*** SOURCE DATA ***

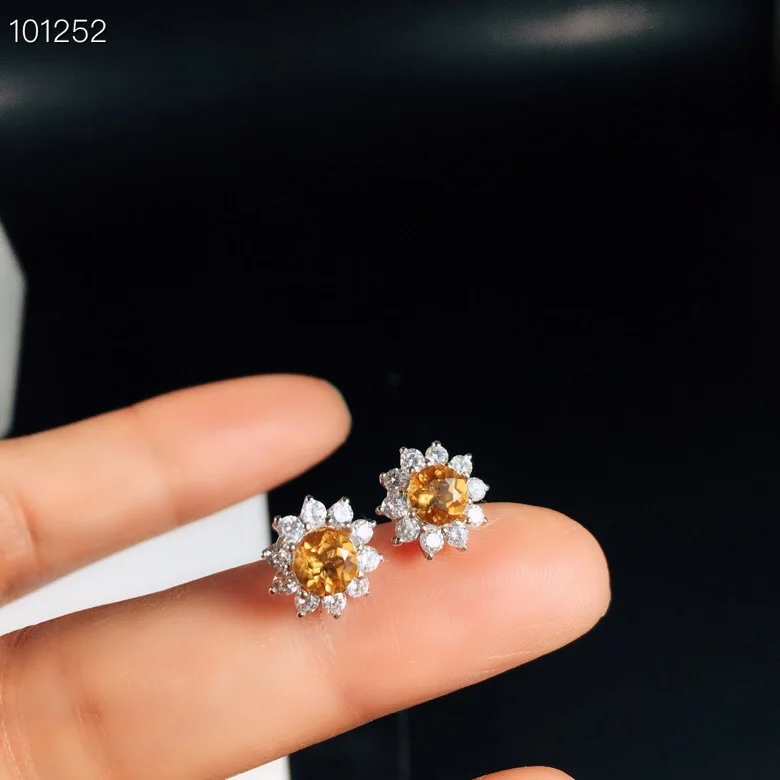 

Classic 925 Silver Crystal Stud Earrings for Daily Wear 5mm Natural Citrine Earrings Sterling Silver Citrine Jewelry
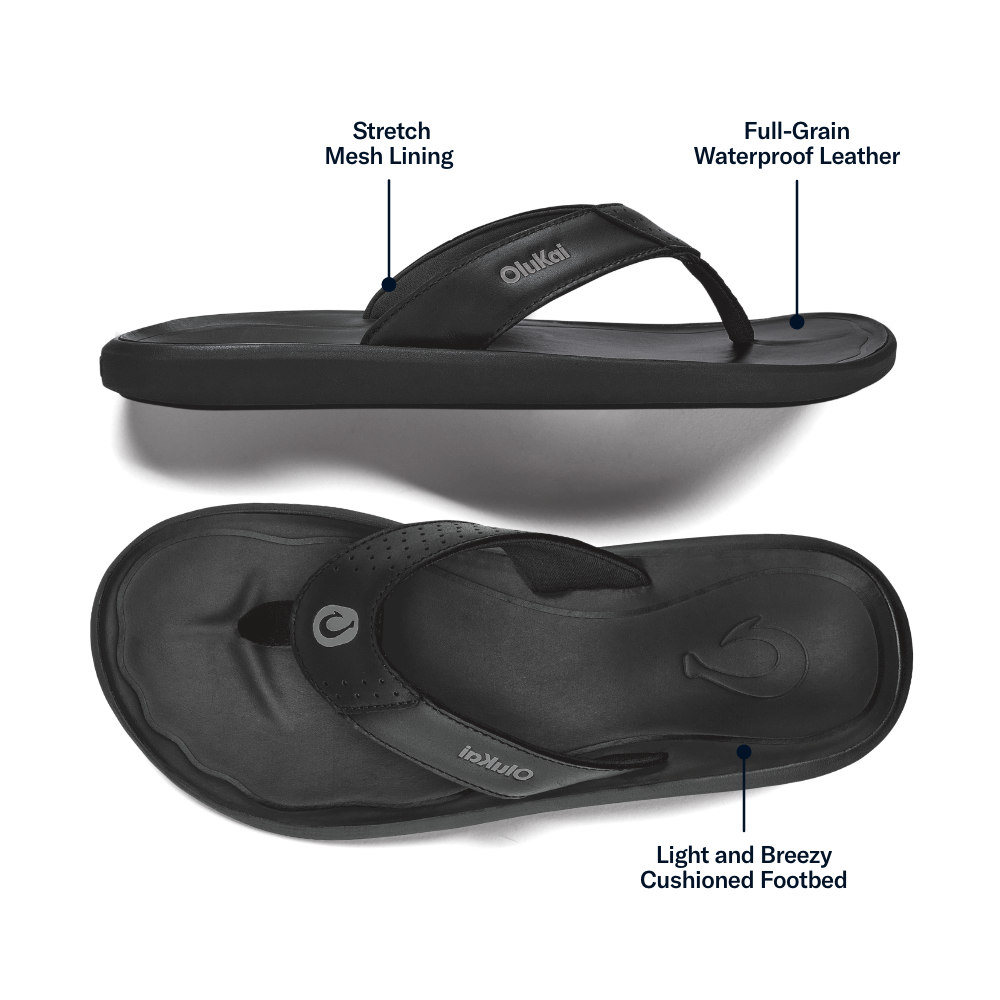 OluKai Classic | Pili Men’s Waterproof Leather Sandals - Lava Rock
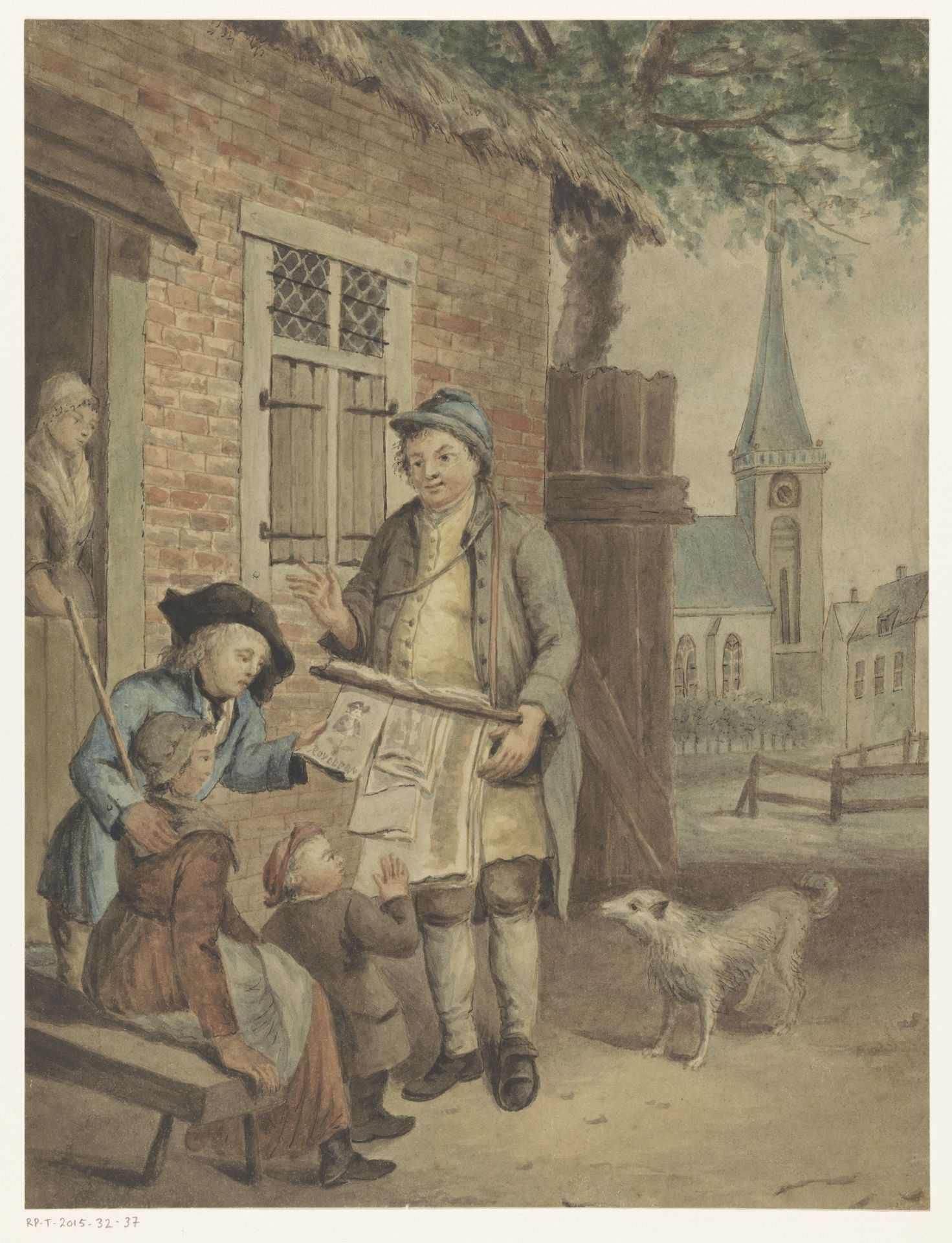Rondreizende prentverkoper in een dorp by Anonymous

*** End of SOURCE DATA ***
*** SOURCE DATA ***

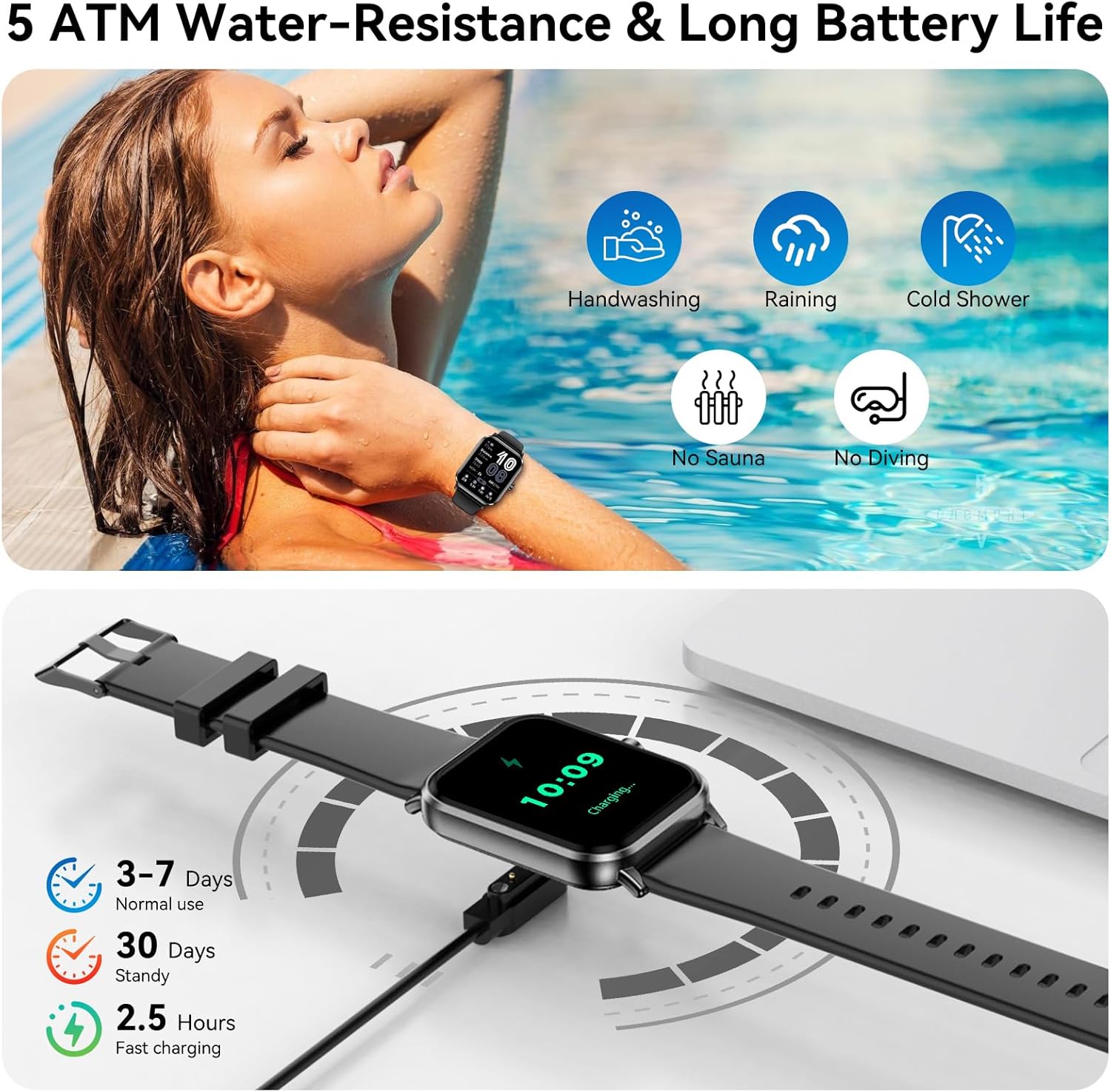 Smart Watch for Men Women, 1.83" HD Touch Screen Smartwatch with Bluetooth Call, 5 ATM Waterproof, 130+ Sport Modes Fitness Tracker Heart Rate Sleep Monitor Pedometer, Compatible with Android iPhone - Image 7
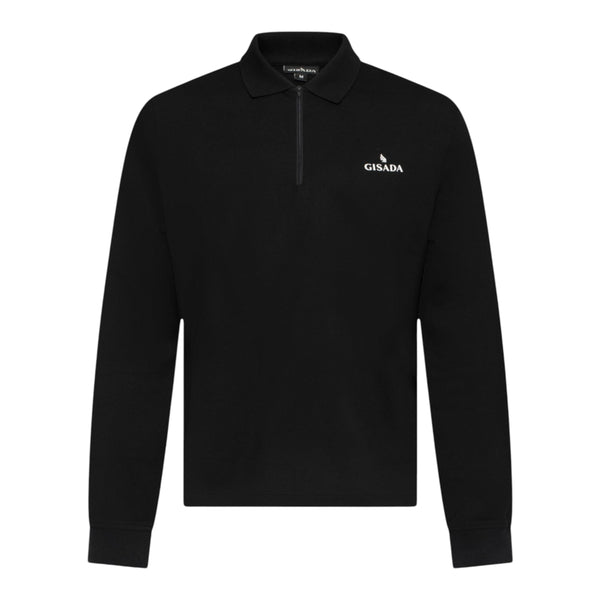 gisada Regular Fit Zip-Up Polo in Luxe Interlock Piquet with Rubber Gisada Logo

*** End of SOURCE DATA ***

From the data above, return exactly the lines from the one with "Classic 925 Silver" up to and including the one with "Rondreizende prentverkoper in". Pictures do not go in the copy.

Classic 925 Silver Crystal Stud Earrings for Daily Wear 5mm Natural Citrine Earrings Sterling Silver Citrine Jewelry
 OluKai Classic | Pili Men’s Waterproof Leather Sandals - Lava Rock
Rondreizende prentverkoper in een dorp by Anonymous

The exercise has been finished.